The introduction of DPAs in the UK, has also been welcomed on grounds of practical considerations. Historically, there have been significant challenges for the prosecutors to bring successful cases against companies that were involved in serious economic or financial crimes (Grimes, et al., 2013, p. 1). These challenges included lack of resources with the prosecuting authorities to pursue complex investigations that were often an aspect of serious economic crimes (Grimes, et al., 2013). Another practical challenge or difficulty is the proving of criminal liability on the part of the organisation, especially in cases involving mens rea, such as, fraud (Grimes, et al., 2013, p. 1). It may be mentioned here that there have always been peculiar difficulties with respect to bringing corporations under the ambit of criminal law, and corporations have not conventionally been subjected to the scope of criminal law, until the early 20th century (Simpson, 2002, p. 1). Instead of the criminal law, corporations have generally been subjected to liability under the strict liability doctrine; therefore, criminal law has traditionally not been used with respect to corporations until the 20th century (Simpson, 2002, p. 1). Even so, with the inclusion of corporations within the ambit of criminal law, there have been the challenges that were mentioned earlier, with respect to prosecution of organisations (Grimes, et al., 2013).

Therefore, from the perspective of prosecution of companies, the introduction of DPAs may be considered to be appropriate.

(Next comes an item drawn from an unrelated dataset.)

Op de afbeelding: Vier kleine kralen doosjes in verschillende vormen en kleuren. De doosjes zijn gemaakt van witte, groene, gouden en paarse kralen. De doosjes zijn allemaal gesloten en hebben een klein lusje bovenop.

With the introduction of the DPAs, the challenges traditionally faced by the prosecutors have been responded to, as now the prosecution can approach a corporate organisation under suspicion of commission of serious economic or financial crimes, and under the supervision of a judge, enter into negotiations for reaching agreement on DPA, which will allow the prosecution to proceed against the corporate body falling short of conviction, but with the subjection to sanctions such as financial penalties and a period of monitoring by an approved third party (Grimes, et al., 2013).

As the DPAs are of recent origin in the UK, it is not possible to assess whether the system undermines the enforcement of anti-bribery laws in the UK. However, the literature on DPAs in other jurisdictions can give some material on the interaction between DPAs and anti-bribery laws and similar literature can be considered in the UK context as well.

In the United States, evidence suggests that since the Department of Justice allowed the use of DPAs and NPAs for the cases involving bribery in foreign jurisdictions in 2004, under the Foreign Corrupt Practices Act 1977 (FCPA 1977), there has been an increase in the prosecution of bribery related offences committed by companies in foreign jurisdictions, with DPAs being increasingly used for penalising the companies for these offences (Koehler, 2015). The Organisation of Economic Co-operation and Development (OECD) has also noted the efforts of the United States’ federal prosecutors under the FCPA 1977, and has noted that the “United States has investigated and prosecuted the most foreign bribery cases among the Parties to the Anti-Bribery Convention” (OECD, 2010, p. 63). However, Koehler (2015) notes that the OECD (2010) has considered the efficacy of the Department of Justice and the FCPA 1977 on the basis of the number of enforcement actions and the settlement amounts secured, whereas this does not clearly present the picture. Rather, as he notes:

“Approximately 85% of DOJ criminal FCPA enforcement actions business organizations over the past decade were secured through alternative resolution vehicles not subjected to any meaningful judicial scrutiny. Rather than praising the fruits of this dynamic, this dynamic is something to lament” (Koehler, 2015, p. 525).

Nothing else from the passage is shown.